### Given information
*** Block opens ***
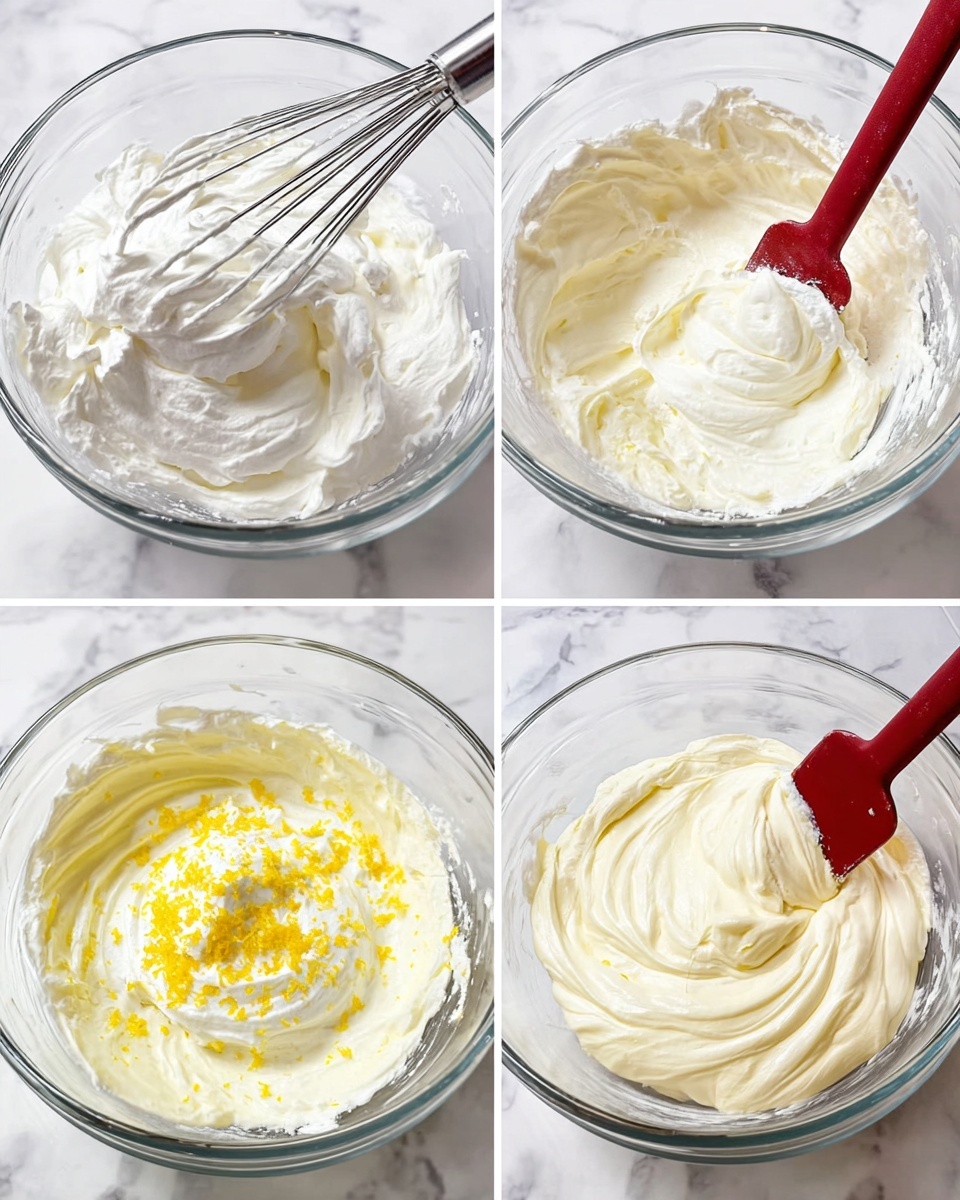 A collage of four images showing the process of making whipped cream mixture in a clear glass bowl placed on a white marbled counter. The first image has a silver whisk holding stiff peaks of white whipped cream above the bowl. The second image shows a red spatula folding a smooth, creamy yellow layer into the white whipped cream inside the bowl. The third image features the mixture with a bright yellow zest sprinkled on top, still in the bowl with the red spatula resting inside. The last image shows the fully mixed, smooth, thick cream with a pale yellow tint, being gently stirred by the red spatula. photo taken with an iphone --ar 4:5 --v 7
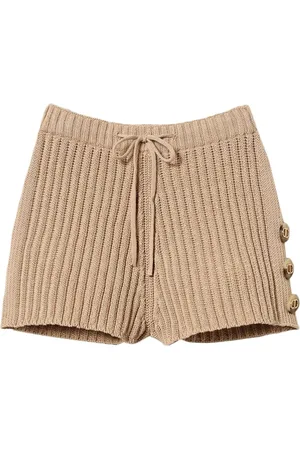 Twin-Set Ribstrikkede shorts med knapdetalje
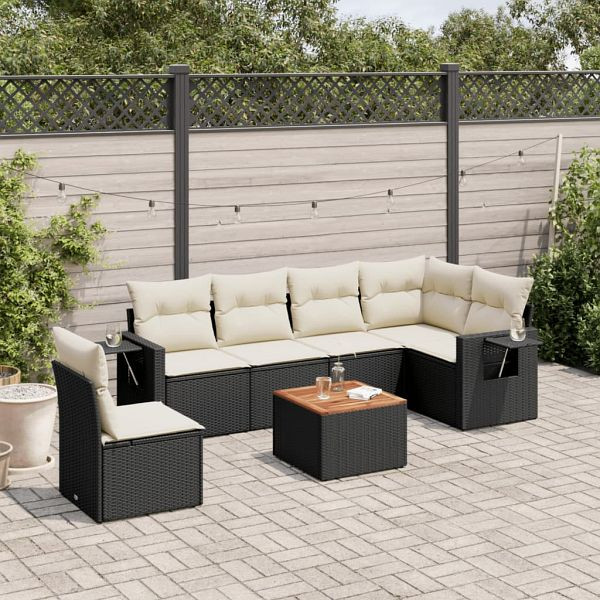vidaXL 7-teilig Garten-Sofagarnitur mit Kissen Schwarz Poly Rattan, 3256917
*** Block closes ***
### Exercise prompt
Could you repeat all of the data exactly, minus the pictures?

### Response to this task
 A collage of four images showing the process of making whipped cream mixture in a clear glass bowl placed on a white marbled counter. The first image has a silver whisk holding stiff peaks of white whipped cream above the bowl. The second image shows a red spatula folding a smooth, creamy yellow layer into the white whipped cream inside the bowl. The third image features the mixture with a bright yellow zest sprinkled on top, still in the bowl with the red spatula resting inside. The last image shows the fully mixed, smooth, thick cream with a pale yellow tint, being gently stirred by the red spatula. photo taken with an iphone --ar 4:5 --v 7
 Twin-Set Ribstrikkede shorts med knapdetalje
vidaXL 7-teilig Garten-Sofagarnitur mit Kissen Schwarz Poly Rattan, 3256917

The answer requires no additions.